Battlefield 6 – Only in Battlefield
La campagne “Only in Battlefield” avec égéries est un reset smart et nécessaire pour EA après l’échec de 2042 (et en total adéquation avec la DA du produit) : elle réaffirme un jeu ancré, sans artifice, en détournant les codes de son rival.
Le film appâte avec Zac Efron, Jimmy Butler, Morgan Wallen et Paddy Pimblett en mode “skins” clinquants à la Call of Duty… puis les fait exploser pour basculer sur une escouade réaliste et des moments systémiques “Only in Battlefield”.
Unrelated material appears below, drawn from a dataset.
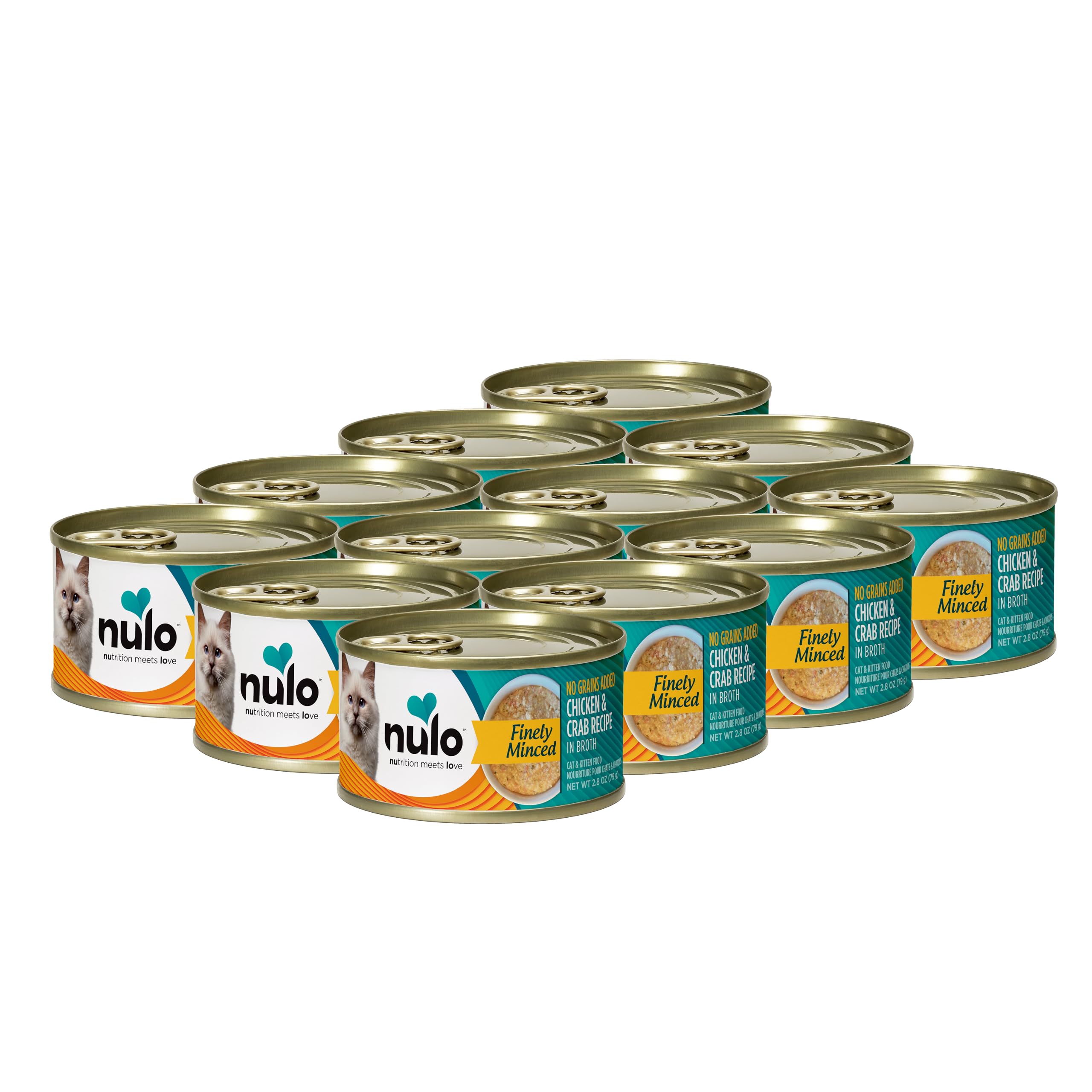 Nulo Finely Minced Chicken & Crab Flavor Wet Canned Cat Food, 2.8 Ounce (Pack of 12)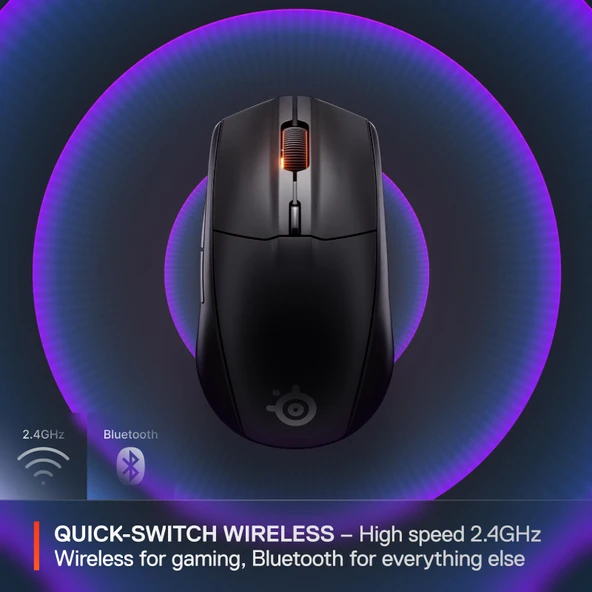 SteelSeries Rival 3 Wireless Gen 2 Gaming Mouse - 2.4GHz ve Bluetooth Bağlantı - Siyah - Resim 3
Créativement, c’est un red herring brillant : on emprunte (et ridiculise) le star-power concurrent pour clarifier le positionnement produit en 5 secondes.
Stratégiquement, le message tombe juste face au ras‑le‑bol des joueurs pour la “casualisation” et les crossovers COD: Battlefield se pose en refuge du “vrai” jeu de guerre, et va chercher les déçus au bon moment.
Côté ton, on assume le virage du jeu : moins futuriste/arcade, plus crédible et mordant, avec une pointe d’humour méta qui sert la démonstration plutôt que le spectacle gratuit.
Pertinence élevée dans l’arène concurrentielle: l’idée est lisible, partageable et PR‑friendly, tout en installant une promesse que COD annonce justement vouloir réembrasser — d’où un avantage de clarté à court terme.
Seul risque: avoir mis la barre très haut; si le jeu ne délivre pas cette authenticité in‑game le retour sera immédiat et brutal pour la marque.